What you should do> Exact copy, no pictures: return all the data below as written.

Image-text web data
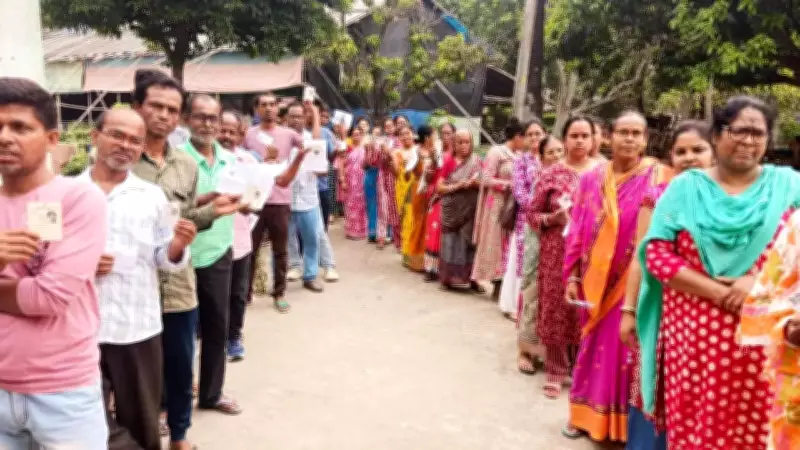 Matua Community Could Be Kingmaker in West Bengal Phase 2 Voting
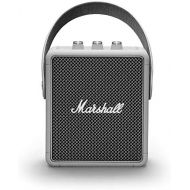 Marshall Stockwell II Portable Bluetooth Speaker - Grey, NEW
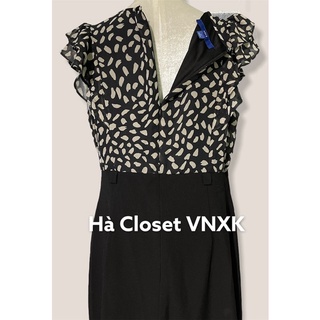 Đầm Công Sở Apt.9 Xuất Dư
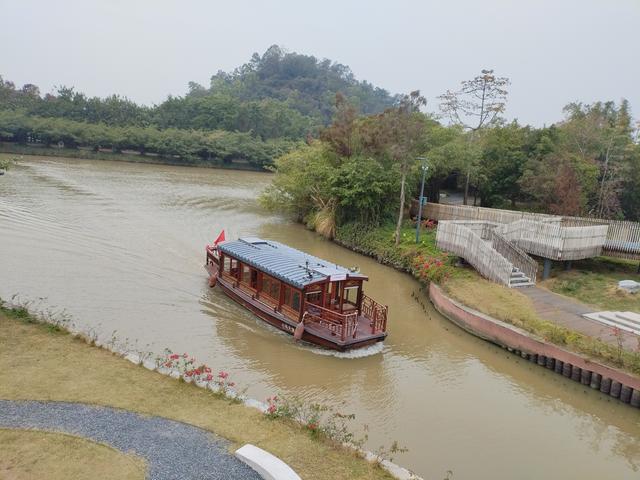 2026温暖广东之旅：漫游珠海、新会、江门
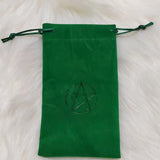 1 Velvet Tarot Cards Storage Bag (MOQ: 5pcs) - Wholesale Crystals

Response to this exercise>
 Matua Community Could Be Kingmaker in West Bengal Phase 2 Voting
 Marshall Stockwell II Portable Bluetooth Speaker - Grey, NEW
 Đầm Công Sở Apt.9 Xuất Dư
 2026温暖广东之旅：漫游珠海、新会、江门
 1 Velvet Tarot Cards Storage Bag (MOQ: 5pcs) - Wholesale Crystals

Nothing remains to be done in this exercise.